DESCRIPTION OF THE TASK: Set down only these lines, exactly: the line containing "A pedestrian walks" and all lines through the end of the data below. Omit pictures.

RECORDS SUPPLIED:
####################

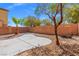 Backyard features desert landscaping, decorative rock, a patio, mature trees, and block wall at 8453 Cheerful Brook Ave, Las Vegas, NV 89143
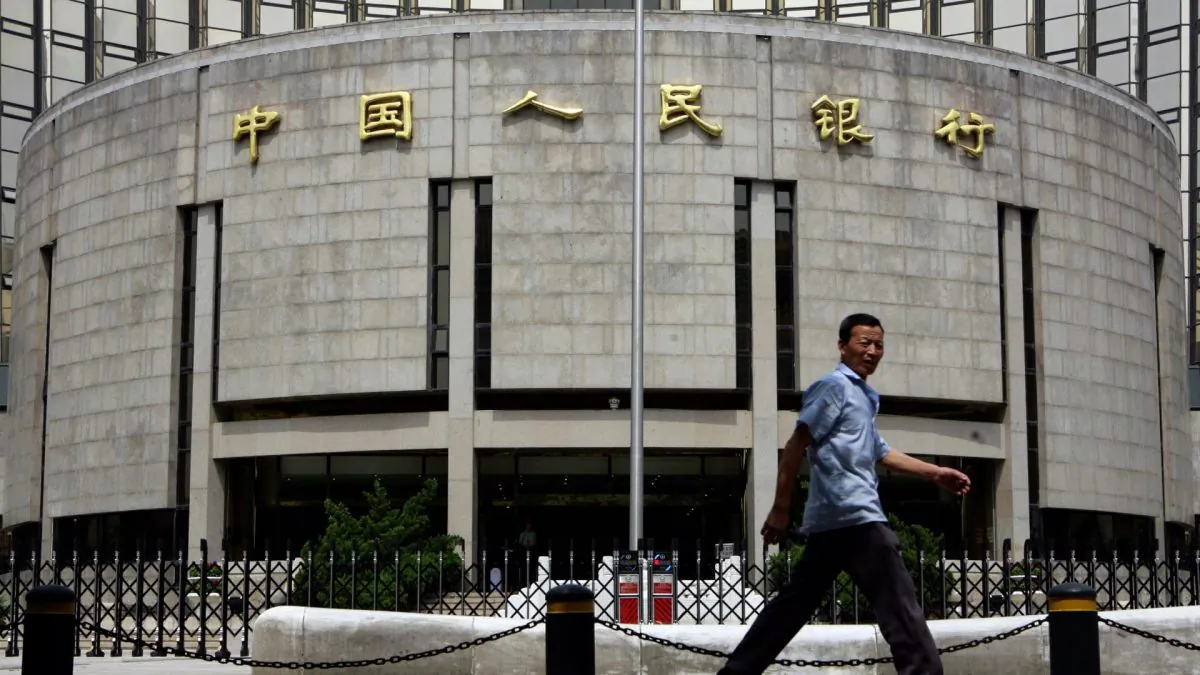 A pedestrian walks past the People's Bank of China, also known as China's Central Bank in Beijing on Aug. 22, 2007. (Teh Eng Koon/AFP/Getty Images)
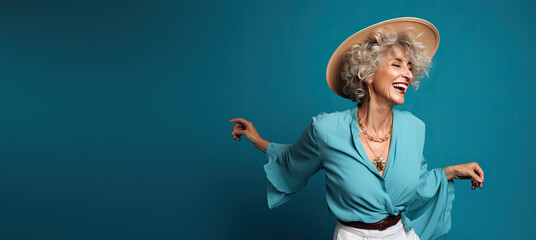 Older Fashionable Lady Dancing Against a Blue Background with Space for Copy (Generative AI) - obrazy, fototapety, plakaty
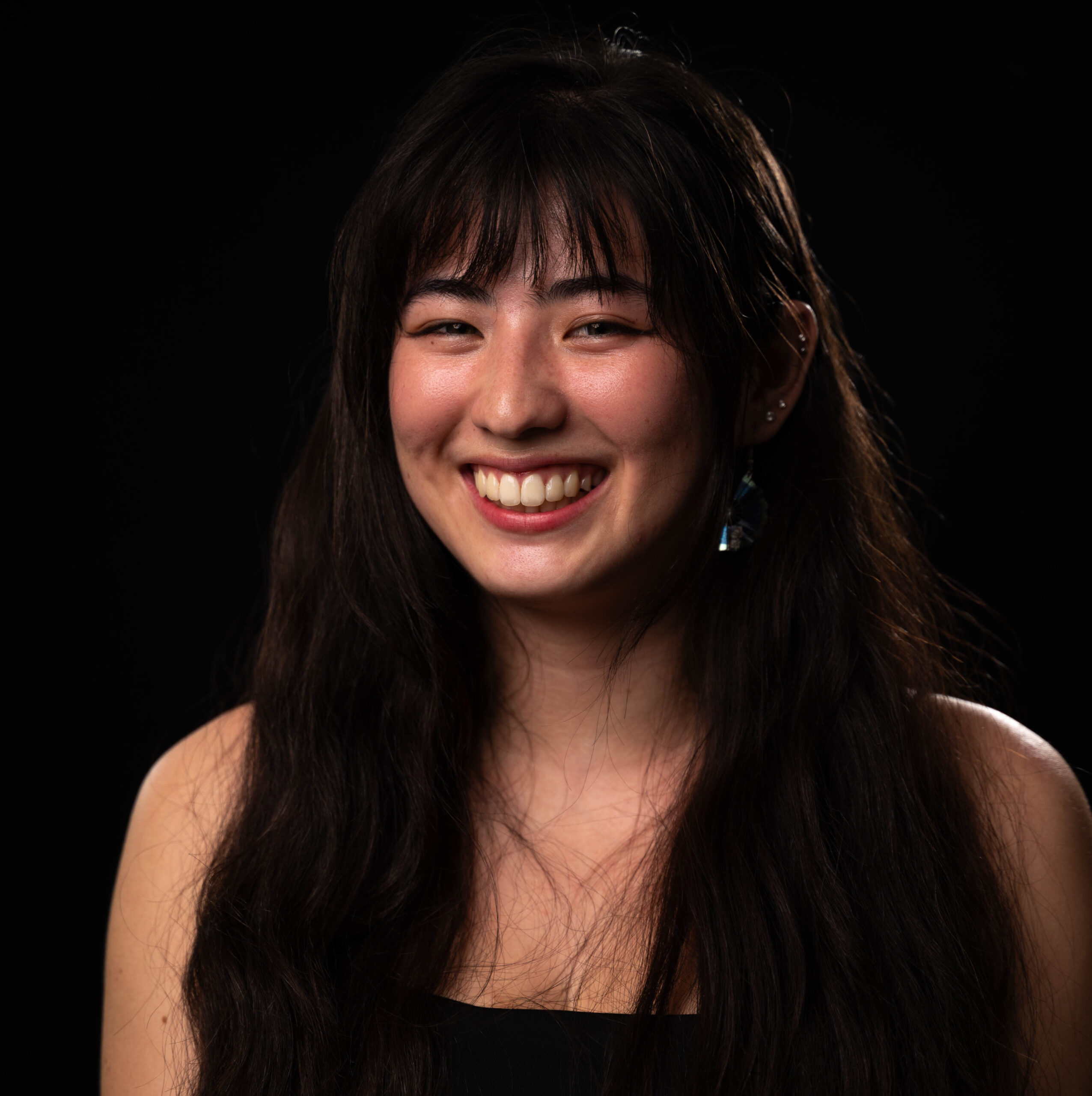 53894315703_4e39881a69_o A girl smiling wide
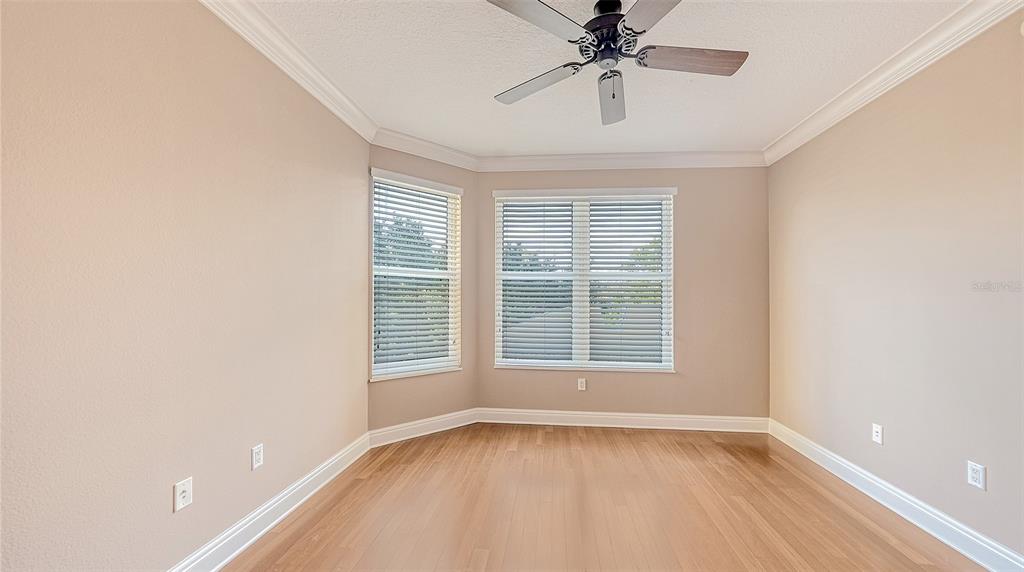 401 North Point Road, Unit 301 Osprey, FL 34229 - Photo 33 of 91 a view of an empty room with a window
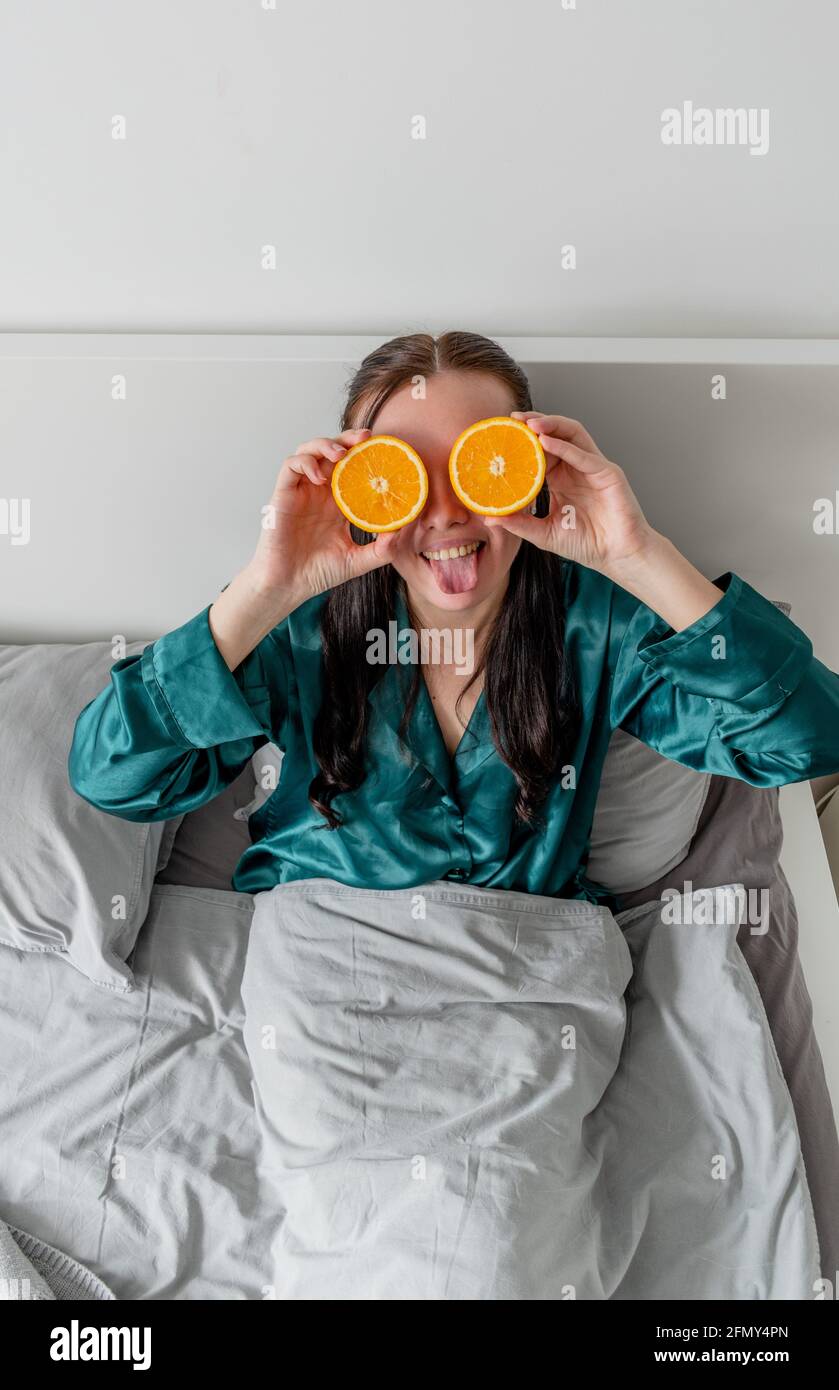 La jeune femme rit et tient les oranges près de ses yeux. Concept de bien-être et zone de confort à la maison. Banque D'Images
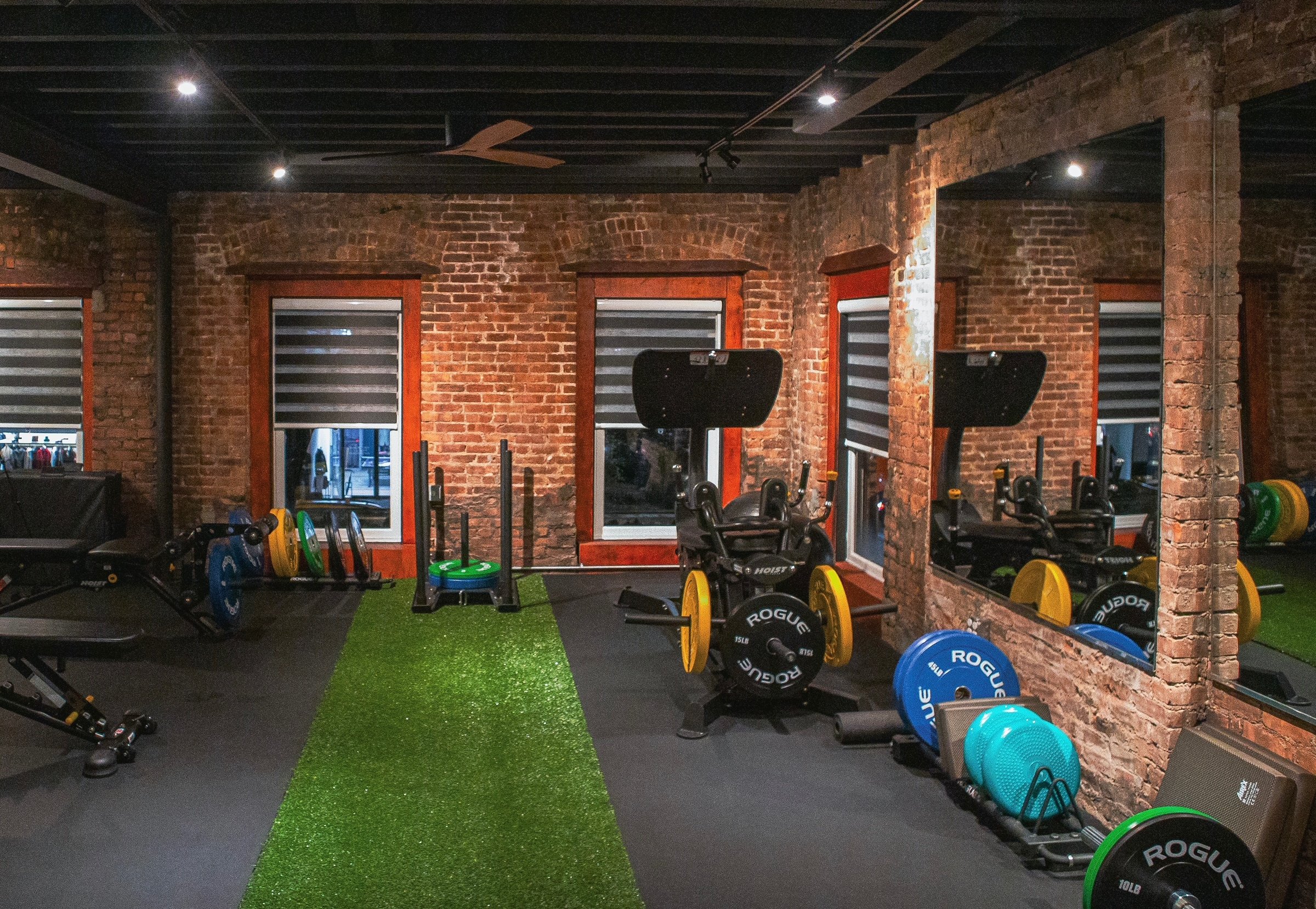 Indoor gym with brick walls, three windows with wooden frames, black ceiling, dim lighting, artificial turf in the center, and various weightlifting equipment including barbells, weights, and a leg press machine.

####################

ANSWER SECTION:
 A pedestrian walks past the People's Bank of China, also known as China's Central Bank in Beijing on Aug. 22, 2007. (Teh Eng Koon/AFP/Getty Images)
 Older Fashionable Lady Dancing Against a Blue Background with Space for Copy (Generative AI) - obrazy, fototapety, plakaty
 53894315703_4e39881a69_o A girl smiling wide
 401 North Point Road, Unit 301 Osprey, FL 34229 - Photo 33 of 91 a view of an empty room with a window
 La jeune femme rit et tient les oranges près de ses yeux. Concept de bien-être et zone de confort à la maison. Banque D'Images
 Indoor gym with brick walls, three windows with wooden frames, black ceiling, dim lighting, artificial turf in the center, and various weightlifting equipment including barbells, weights, and a leg press machine.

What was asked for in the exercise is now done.